By Pearl Eliadis, Special to The Gazette April 18, 2013

MONTREAL – Last Friday, the Quebec Bar Association testified at legislative hearings in Quebec City on Bill 14, which proposes to amend several laws, including the French Language Charter, and impose new restrictions on (mainly) anglophone rights.

When I first wrote about Bill 14 last fall (Opinion, Dec. 11, “Bill 14 chips away at English minority rights”), I highlighted the bill’s proposed change in definition of “ethnic minorities” to the nebulous “cultural communities.” Other writers have discussed this as well. The proposed new term, in my view, is worrisome because it serves as prologue to a litany of substantive rights violations in the bill.

The Bar found more than a dozen of these, in a number of areas. Among them:

Jobs: Let’s say your employer hired you because she needs well-educated employees who speak two or more languages. After all, you work in the Montreal area, so you probably serve clients of different linguistic backgrounds. Under Bill 14, your employer would be obliged to “subsequently review such needs periodically” to justify not only your job, but also the job of every other employee whose skills in a language other than French were seen as an asset when they were hired. It does not matter how big or small the company is. If requiring a language other than French cannot be justified to the satisfaction of the language bureaucrats, your job or your promotion would be jeopardized. This applies even if you are fluent in French.

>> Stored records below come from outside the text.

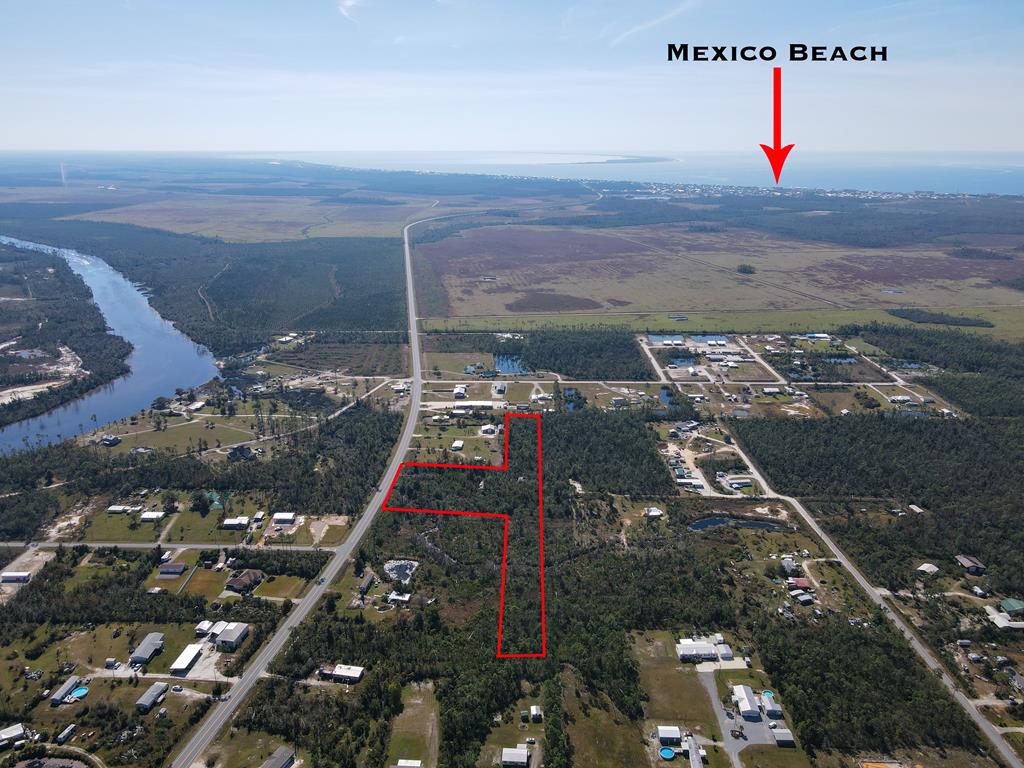 3515 Cr 386 S, 32456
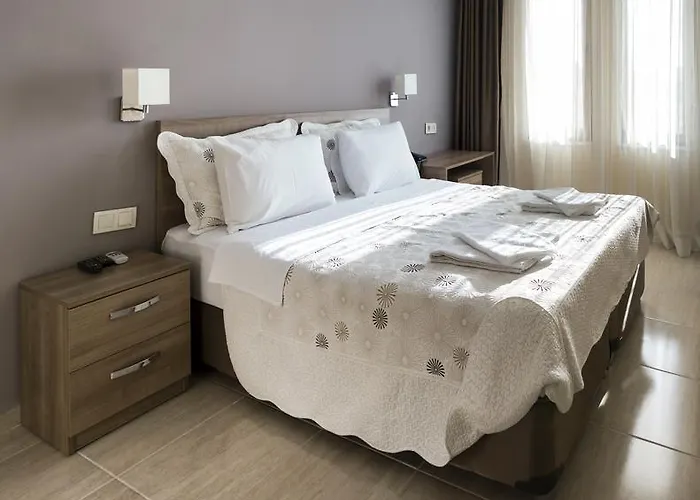 Hotel Pelagos Bozcaada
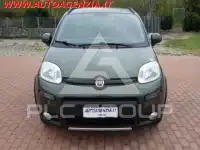2013 Fiat Panda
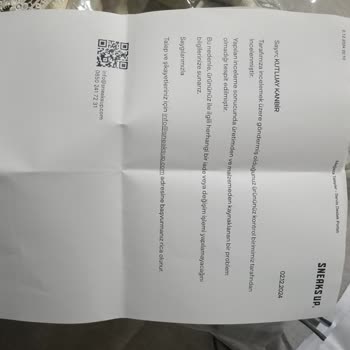 Champion Ayakkabıda Hayal Kırıklığı: Kullanıcı Hatası Mı?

Public services: Bill 14 proposes to require communication with the provincial government in French, in order to obtain a licence, authorization, assistance, indemnity or any other benefit. Applications, then, would have to be made in French. All supporting documents would have to be in French, too. Otherwise, the government would insist on translating it, at your expense. This provision would create a disadvantage mainly for English speakers. If Bill 14 is passed, forget about English versions of driver’s licence forms, income-tax forms and other tax-related information, not to mention English versions of government websites, which are already inadequate. Then there is Bill 14’s proposed new passive right for government officials to be addressed solely in French. The corollary is that public servants would be entitled to refuse to even acknowledge anything said to them in English.

Health and social services: Under Bill 14, workers in health and social services would be able to demand full translation of files into French. Translation costs would be borne by the English-language health-care system. But what if there were a real emergency, and your file had to be transferred from the English-speaking system to a specialist in the French-speaking system? The English version of Bill 14 says that the person authorized to receive your documents may require “a quick rundown of their content” in French — and this, in addition to the full translation of the file. The French version of the bill can be interpreted as saying only a “quick rundown” would be required. The translation contradictions are not helpful. To be sure, there are perfectly valid reasons for wanting unilingual workers to understand what they are reading. However, Bill 14’s proposals would impose financial burdens on an already-beleaguered health system. (I am betting there was no consultation with the English system on this point).

Your child’s schooling: Let’s say you move. Or you want to transfer your child to another English school, for whatever reason. Education officials under Bill 14 would, in these cases, be entitled to disregard your child’s years of schooling to date if this schooling in English were obtained through “trickery,” deception or a “temporary artificial situation.” These terms are all undefined, and interpretation would be left to the discretion of bureaucrats.

These are but a few examples of what awaits us if Bill 14 is passed. The bill promises years of litigation and legal instability.

Who will pay? For starters, the taxpayer.

The Quebec Bar Association’s brief, which highlights the legally problematic aspects of Bill 14, should be reassuring to anyone who believes that the rule of law should prevail regardless of one’s mother tongue or home language.

Protecting French is a legitimate political objective. But Bill 14 goes too far, and risks becoming a launch pad for multiple legal challenges that will further damage Quebec’s reputation.

Pearl Eliadis is a Montreal human-rights lawyer. She was part of the legal advisory team for the African Canadian Legal Clinic of Toronto, an intervenor in the Whatcott case. She teaches civil liberties at McGill University.